His most junior employee, a young man of equally sinister appearance with tousled hair, surprisingly gave Farid the most valuable item of alclass="underline" a brake. Neither Toni nor Azar had brakes on their scooters. It was a piece of rubber tyre, and Farid fixed it to the back wheel like a mudguard.
Finally Farid went off with his bag full of metal parts to his cousin George, who was apprenticed to a joiner, a tight-fisted man. Farid waited until the joiner had gone home at midday, and then slipped into the workshop. He didn’t mention the scooter at first, just stood around asking after George’s health and how his family was. As he talked he kept putting the bag down in different places, until his cousin asked what was jingling about inside it. Farid told him it was parts for a scooter, and all he needed now was the wood.
“Why didn’t you say so at once, you idiot?” laughed George, and asked Farid to tell him what the scooter was supposed to look like. That didn’t take long. George abandoned the jobs he had been doing, and within half an hour he had prepared all the wooden parts, tied them up in a bundle, and put them over Farid’s shoulder.
“Now get out before that old skinflint shows up. I guess you can screw it all together yourself, but you’ll have to glue the parts first,” he said, and he gave the boy some adhesive too. Farid ran home. Ran? No, he was so happy that he positively flew. He worked for two hours, and then, feeling pleased with himself, stood back to look at the wonderful scooter he had made.
Finally he helped himself to a small rear mirror from his father’s worn-out old bicycle and fixed it to the left of the steering handle. And his grandfather gave him several small stars and moons made of coloured tin for decoration.

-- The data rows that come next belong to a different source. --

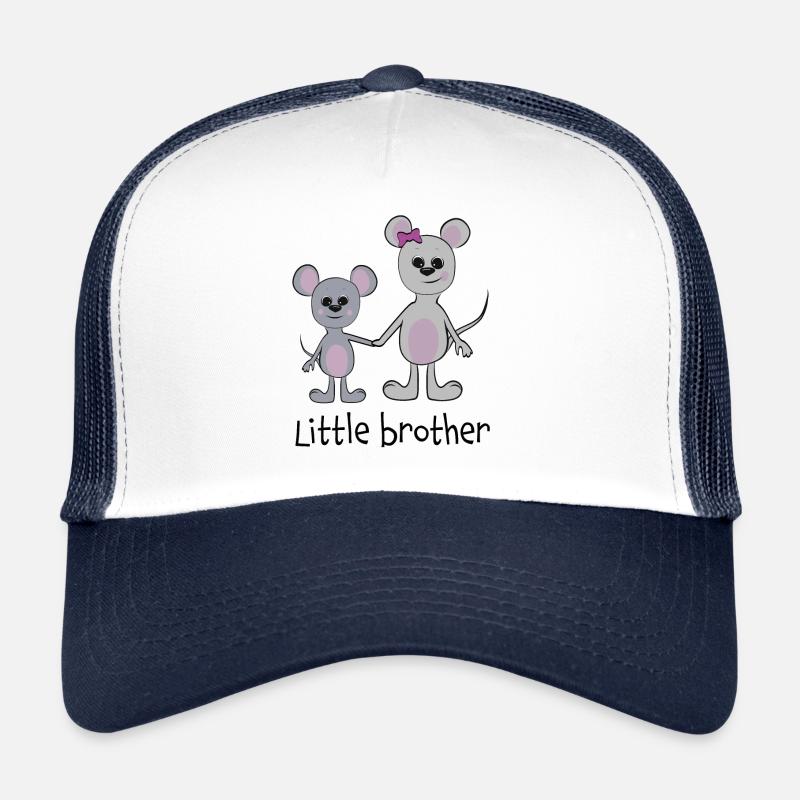 sweet mouse siblings "Little Brother" - Trucker Cap - white/navy
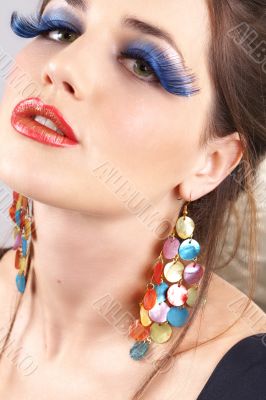 Portrait of beautiful brunette woman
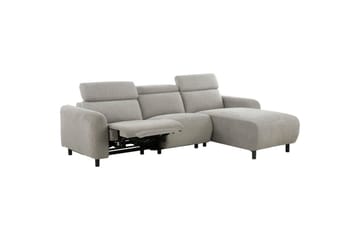 Skaane 3-seter Høyre L-formet Hjørnesofa med Recliner i Kordfløyel - Grå - Møbler - Sofaer - Reclinersofaer
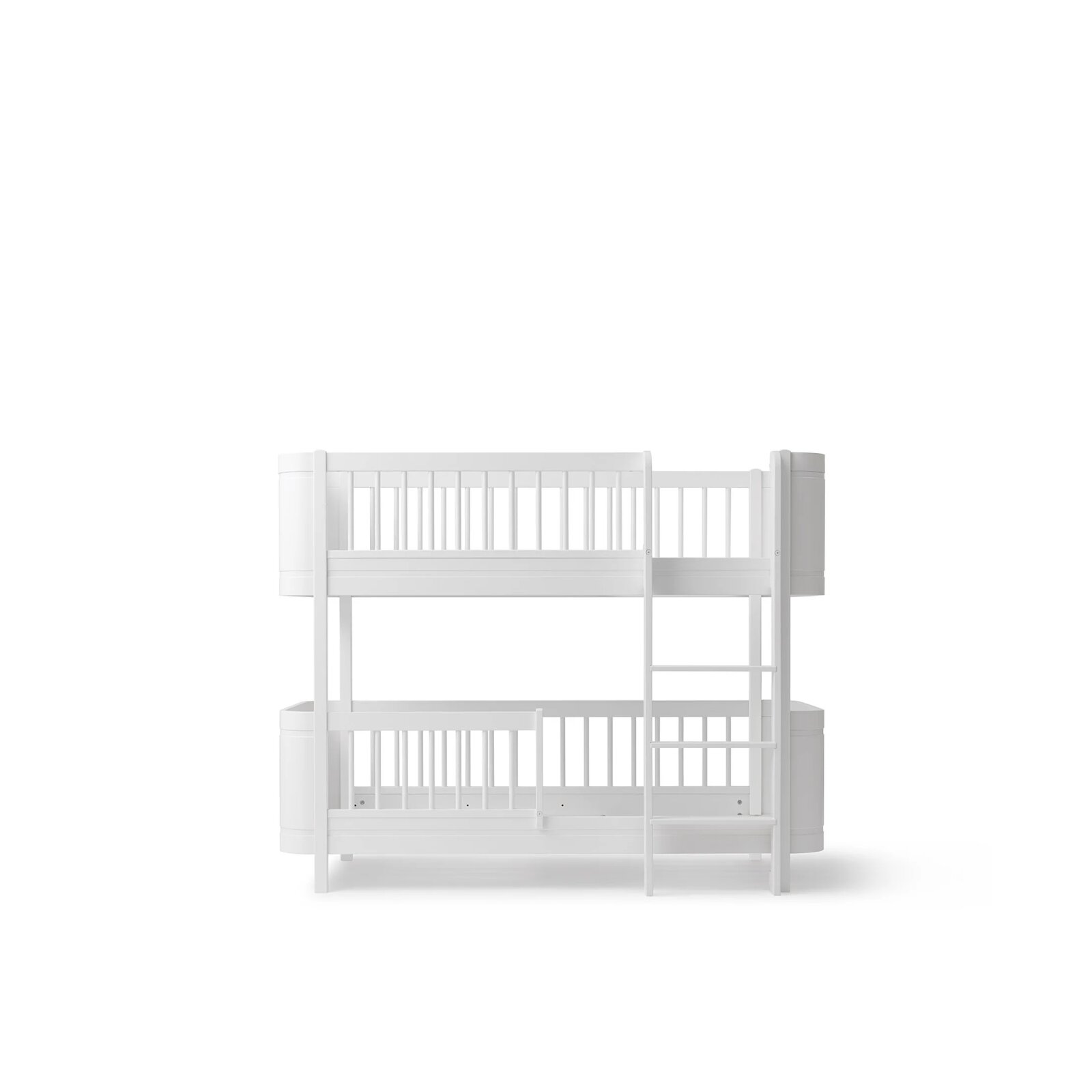 Oliver Furniture - Wood Mini+ halbhohes Etagenbett (68 x 162 cm) Weiß
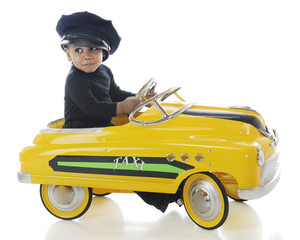 Taxi-Driving Tot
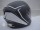 Шлем открытый со стеклом ATAKI JK526 Stripe чёрный/белый матовый (16456991037137)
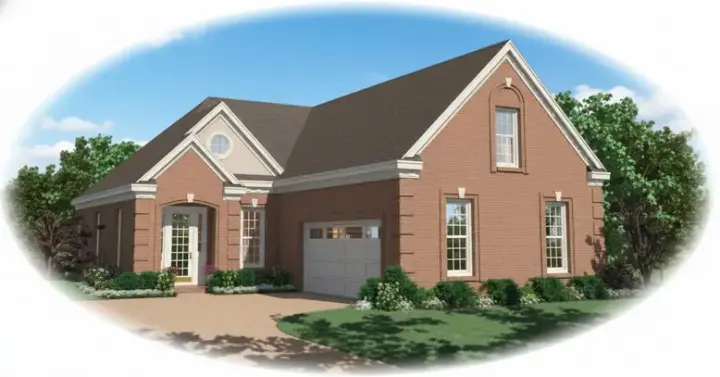 Traditional house plans 6-401 - front exterior, 2,002 sq ft, 3 bed, 2 bath house plans | Monster House Plans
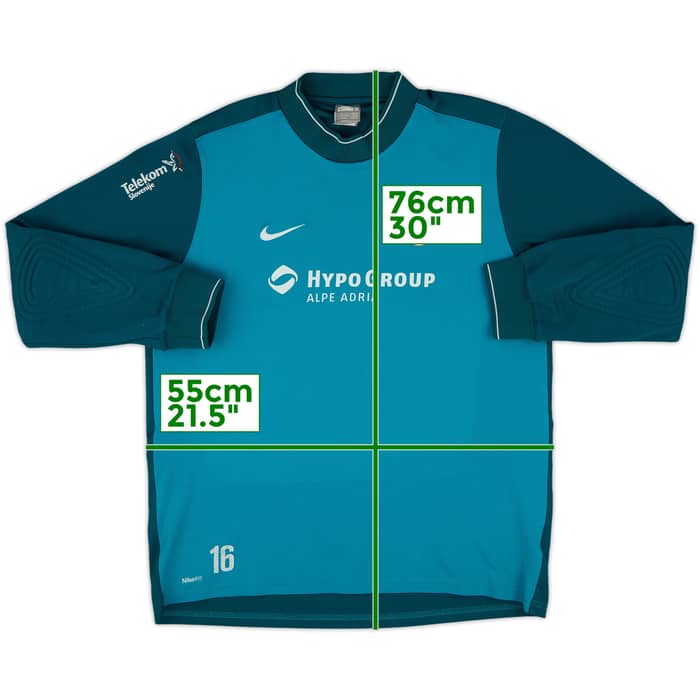 2010-12 Slovenia GK Shirt #16 - 6/10 - (L)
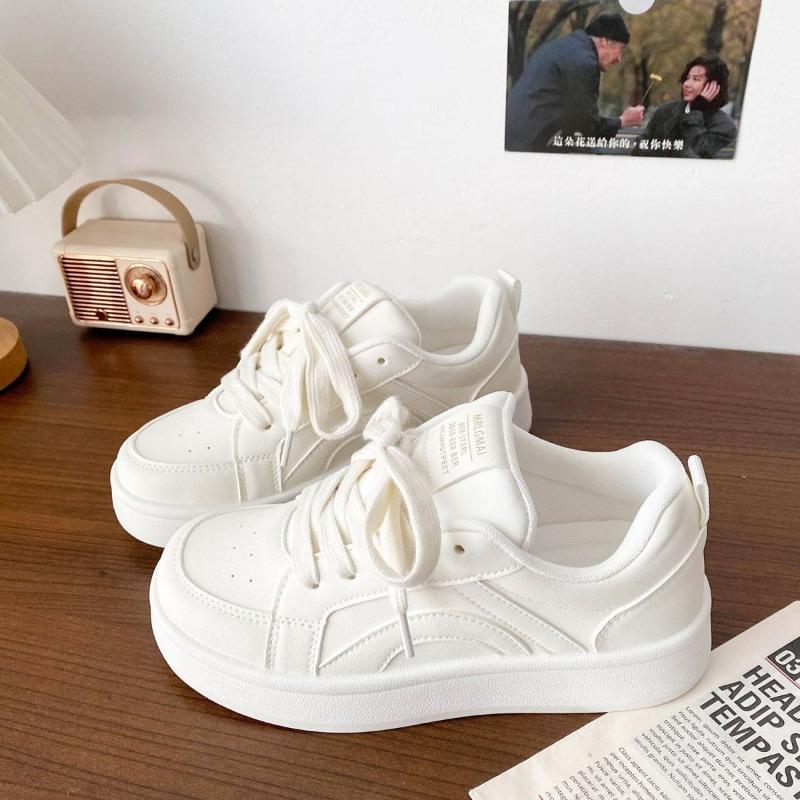 Fashion Niche Versatile Flat Bottomed Solid Color Casual Board Shoes Spring Autumn Styles Simple Comfortable Daily Women's Shoes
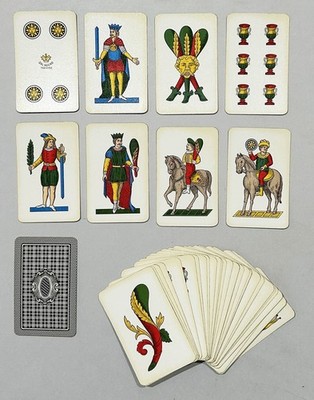 Spielkarten playing cards Spiel card game Treviso dal Negro carte da gioco 1950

Last of all Farid found a piece of card and wrote out a charm against envious eyes that he had seen on a mirror in his mother’s cousin Michel’s salon, showing the palm of a hand with a blue eye in the middle of it, and an arrow piercing the eye. Under it, in beautiful Arabic script, were the words: May the eye of the envious be blinded. As a barber, Michel had a great fondness for handsome polished glass mirrors. A particularly fine example had once broken soon after a customer said, with envy in his voice and salivating greedily, “What a lovely mirror!” The man was famous for casting envious looks, and people said that if he envied a pigeon he could kill it in flight with his glance.
Farid used shiny brass tacks to fix the oval piece of card with the lucky charm on it to the front of his rather broad handlebars. He painted a sunflower and a canary on the scooter too, and next Sunday, his hair combed and perfumed, in white shirt, blue trousers, and tennis shoes, he took his scooter out into Abbara Alley.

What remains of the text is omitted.